Early readers of Ulysses—preoccupied
by the supposed obscenity of Molly’s monologue—viewed Molly as the
archetypical whore. However, recent focus on the realistic quality
of the monologue shows that Molly’s character comes across as believably
contradictory and nuanced. Her thoughts reveal her to be extremely
self-centered, yet she is also shown to be charitable and potentially sympathetic
toward others, such as Josie Breen and Stephen. She comes across
as uneducated but clever, opinionated, and refreshingly frank.

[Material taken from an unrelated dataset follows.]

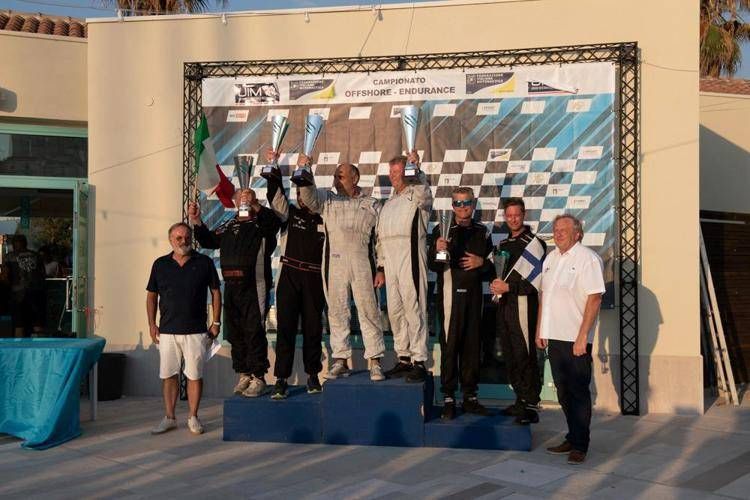 Campionato del Mondo Off Shore, Foresti & Suardi trionfano a Rodi Garganico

She
is hypocritical and self-contradictory but also highly perceptive—she
ratifies our negative judgments of some characters, such as Lenehan.

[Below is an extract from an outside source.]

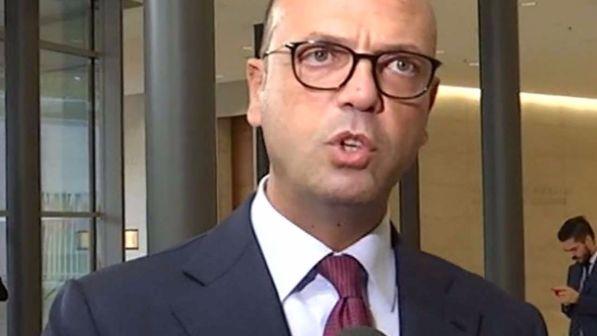 Addio voucher, Alfano: "Risparmiati 300 milioni per il referendum"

Finally, Molly’s monologue is highly entertaining—she has a sense
of humor and a gift for mimicking the speech of others.
Molly’s monologue contains facts and emotions that force
us to revise our previous perspective of her and her marriage. For
example, Bloom’s mental list of Molly’s infidelities in Episode
Seventeen is here shown to be wildly incorrect—Boylan is Molly’s
first sexual infidelity, and it has occurred only after more than
ten sexless years (and perceived lack of affection) with Bloom.

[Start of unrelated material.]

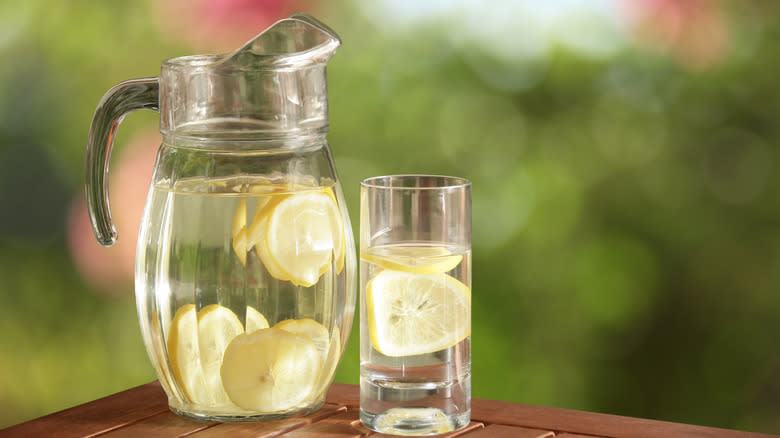 water with lemon slices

Molly’s thoughts offer a new perspective: it is Bloom who has been
compromising her, and his own infidelities call his easy judgment
of Molly as unfaithful into question.
However, though Molly gets the final say, her perspective
is also dramatized as fallible, specifically through her meditations
on Stephen, which are misinformed and idealized. Molly fantasizes about
Stephen’s humility, friendliness, and cleanliness—three characteristics
that do not apply to Stephen as we have seen him. This technique
does not demonstrate Molly’s individual misperception, as much as
the lesson of perspective in Ulysses: no single
character’s perspective will be sufficient to pass judgment. Though
Molly’s feelings toward Bloom oscillate wildly throughout her monologue,
as the episode comes to a close, her thoughts center more on Bloom and
Stephen-Rudy and less on Boylan and other suitors. The sexual desire
prevalent through her monologue becomes more evidently underwritten
with a compatible desire for the intimacy of the family structure.
Molly’s mental return to the scene on Howth that Bloom has also
thought of several times today shows the power of memory to provide
a source of continued intimacy between them, even if her final yes
may be in reference to Mulvey or Bloom. This uncertainty is characteristic
of Joyce’s endings, and it serves to remind us that we have witnessed
only a single day in the lives of the Blooms—progress may have been
made in their estranged marriage, but there certainly was not a
complete turnaround. On the other hand, the unrestrained affirmation
and joy of the final lines cannot be denied.